四碳非蛋白源氨基酸γ-氨基丁酸(GABA)在植物体内会因各种非生物和生物胁迫刺激而大量积累,并在碳氮比平衡、信号转导和转运调节中发挥作用。拟南芥 GAT2(At5g41800)是一种低亲和性 GABA 转运体,K0.5GABA~8 mM。L-丙氨酸和丁胺代表了其他底物。GABA 诱导的电流强烈依赖于膜电位,在强烈负膜电位时亲和力最高,转运率最高。以前曾报道过 Ser17 在植物体内被磷酸化,但其突变并没有导致亲和力的改变。在短期胁迫实验中,AtGAT2 mRNA水平在低水势和渗透胁迫(聚乙二醇、甘露醇)下上调。此外,在维管束组织、成熟花粉和幼小种子的韧皮部卸载区都检测到了 AtGAT2 启动子的活性。尽管这表明 AtGAT2 在沉降器官的长距离运输和装载中发挥作用,但在测试条件下,无论是 AtGAT2 过表达植株,还是 Atgat2 或 atgat1 T-DNA 插入系,或 atgat1 atgat2 双基因敲除突变体,在 GABA 生长、氨基酸水平或对盐和渗透胁迫的抗性方面都与野生型植株不同。
本文章由计算机程序翻译,如有差异,请以英文原文为准。
Stress-regulated Arabidopsis GAT2 is a low affinity γ-aminobutyric acid transporter.

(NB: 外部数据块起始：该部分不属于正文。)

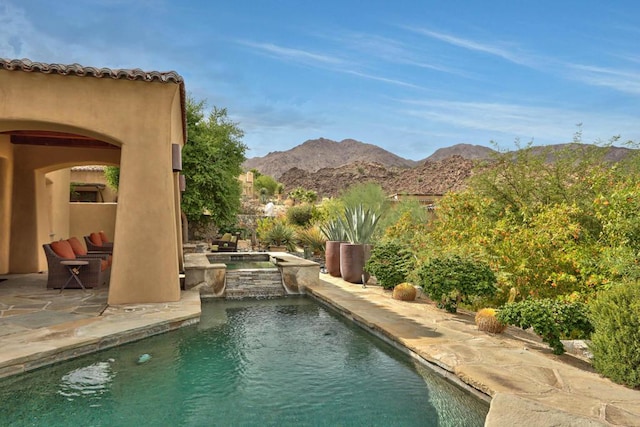 view of pool with a mountain view, a patio, and an in ground hot tub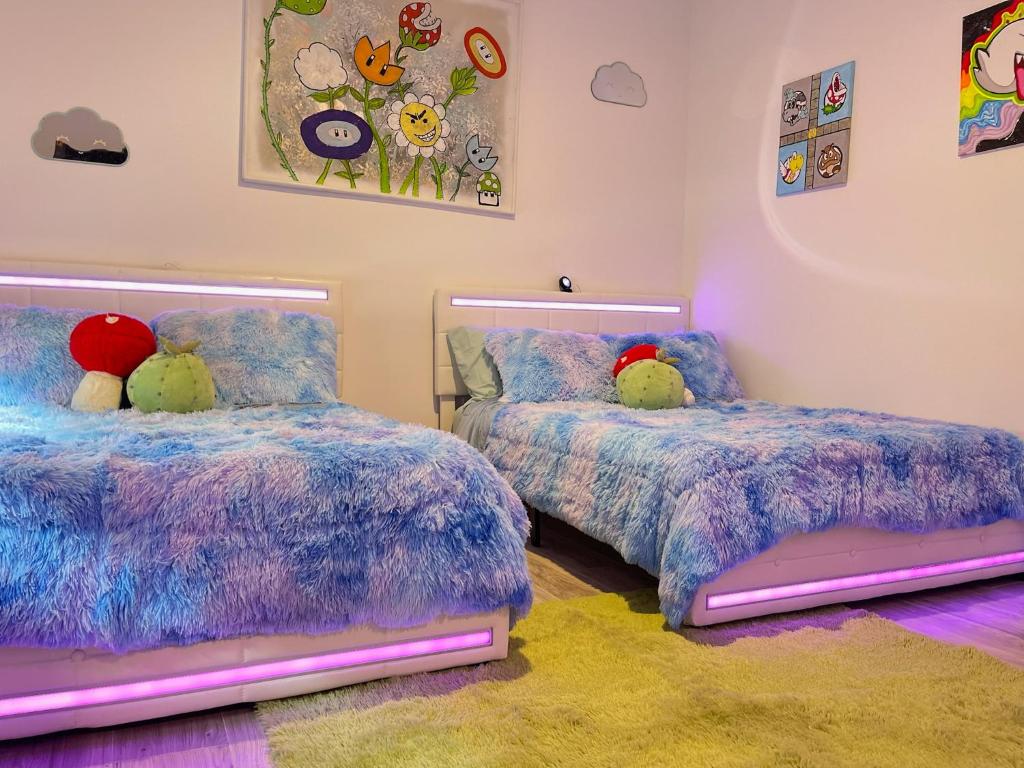 1 dormitorio con 2 camas con animales de peluche en The Neon Nest: Retro Chic 4BR Home in Cooper Young, en Memphis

The four-carbon non-proteinogenic amino acid γ-aminobutyric acid (GABA) accumulates to high levels in plants in response to various abiotic and biotic stress stimuli, and plays a role in C:N balance, signaling, and as a transport regulator. Expression in Xenopus oocytes and voltage-clamping allowed the characterization of Arabidopsis GAT2 (At5g41800) as a low affinity GABA transporter with a K0.5GABA ~8 mM. l-Alanine and butylamine represented additional substrates. GABA-induced currents were strongly dependent on the membrane potential, reaching the highest affinity and highest transport rates at strongly negative membrane potentials. Mutation of Ser17, previously reported to be phosphorylated in planta, did not result in altered affinity. In a short-term stress experiment, AtGAT2 mRNA levels were up-regulated at low water potential and under osmotic stress (polyethylene glycol and mannitol). Furthermore, AtGAT2 promoter activity was detected in vascular tissues, maturating pollen, and the phloem unloading region of young seeds. Even though this suggested a role for AtGAT2 in long-distance transport and loading of sink organs, under the conditions tested neither AtGAT2-overexpressing plants, atgat2 or atgat1 T-DNA insertion lines, nor atgat1 atgat2 doubleknockout mutants differed from wild-type plants in growth on GABA, amino acid levels, or resistance to salt and osmotic stress.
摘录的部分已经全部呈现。